Samsung considering splitting into two companies

Samsung Electronics has announced it is looking into creating a holding unit and operating unit company structure for the global brand, a move that would create two distinct businesses. The firm is also to buy back shares from shareholders to give further power to the ruling Lee family.


The company explained that the review process examining the possible split was likely to take six months and explained that the ‘review does not indicate the management or the Board’s intention one way or another.’ Any potential split is unlikely to affect day to day operations.

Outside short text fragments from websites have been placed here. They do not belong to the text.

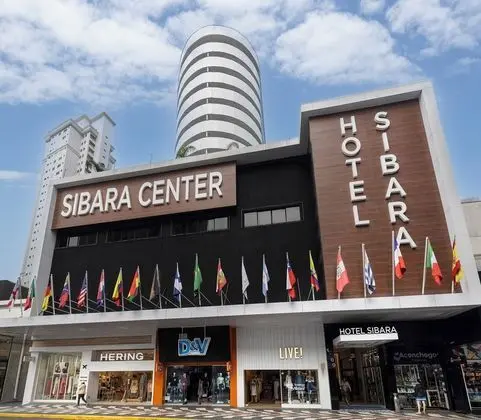 Sibara Flat & Convençoes - Öne Çıkan Resim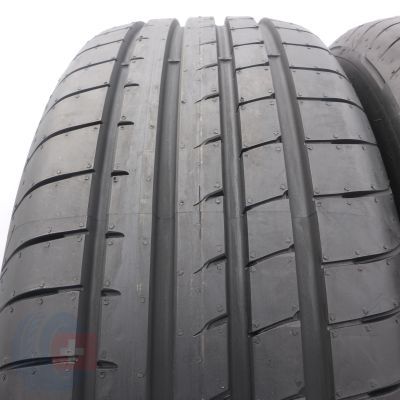 2.  235 60 18 2x GOODYEAR 235/60 R18 103W Eagle F1 Asymetric 3 SUV AR Sommerreifen 2017 VOLL Ungebraucht  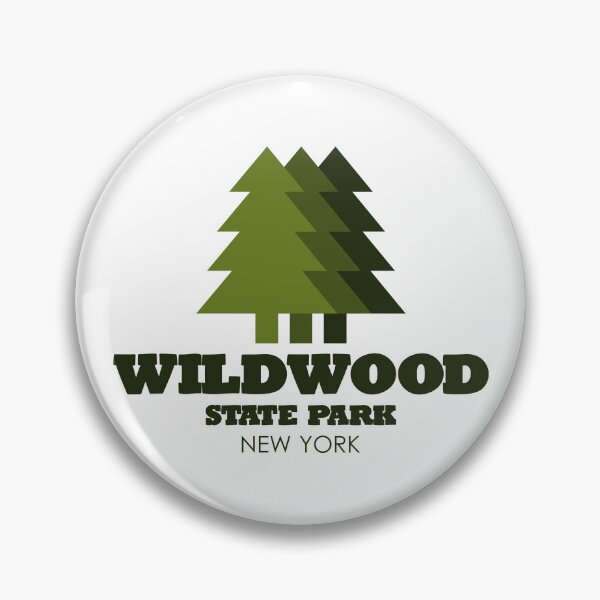 Item preview, Parque Estatal Wildwood Nueva York designed and sold by bivenart.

Following the Note7 recall, the company faced pressure from share holding group Elliott Management who publicly called for the company to be split in the way they are now considering. Elliot Management’s billionaire founder Paul Singer is a vocal critic of the Samsung family dynasty, previously lobbying shareholders to force the family to split the businesses (he lost by a narrow margin).


A presentation to shareholders by Paul Singer in October read, ‘We believe that an appropriate resolution to the current uncertainty surrounding a possible restructuring of Samsung Electronics and its affiliates is needed. We foresee obvious sustainable benefits for all Samsung Electronics’ stakeholders of unlocking the value of Samsung Electronics’ significant treasury shareholding and forming a strong and stable corporate structure for the Samsung group, which the Samsung Electronics Value Enhancement Proposals are designed to achieve.


Like LG, Samsung is currently organised as a chaebol, a system where different arms of the company all hold shares in other arms of the business, with some arguing this system makes it harder for potential investors to work out the value of what they are purchasing.


Commenting on the plan overall, Samsung Electronics vice chairman and CEO Dr Oh-Hyun Kwon said, ‘We are committed to enhancing sustainable long-term value for our shareholders and to remaining good stewards of capital,’ he continued, “Today’s announcement extends the actions we initiated last year and represents the next phase in the evolution of our shareholder policy and governance.”


This evolution also includes plans to boost dividends for share holders while also improving capital management for investment opportunities, creating a three year holding fund with excess capital given back to share holders at the end of the cycle.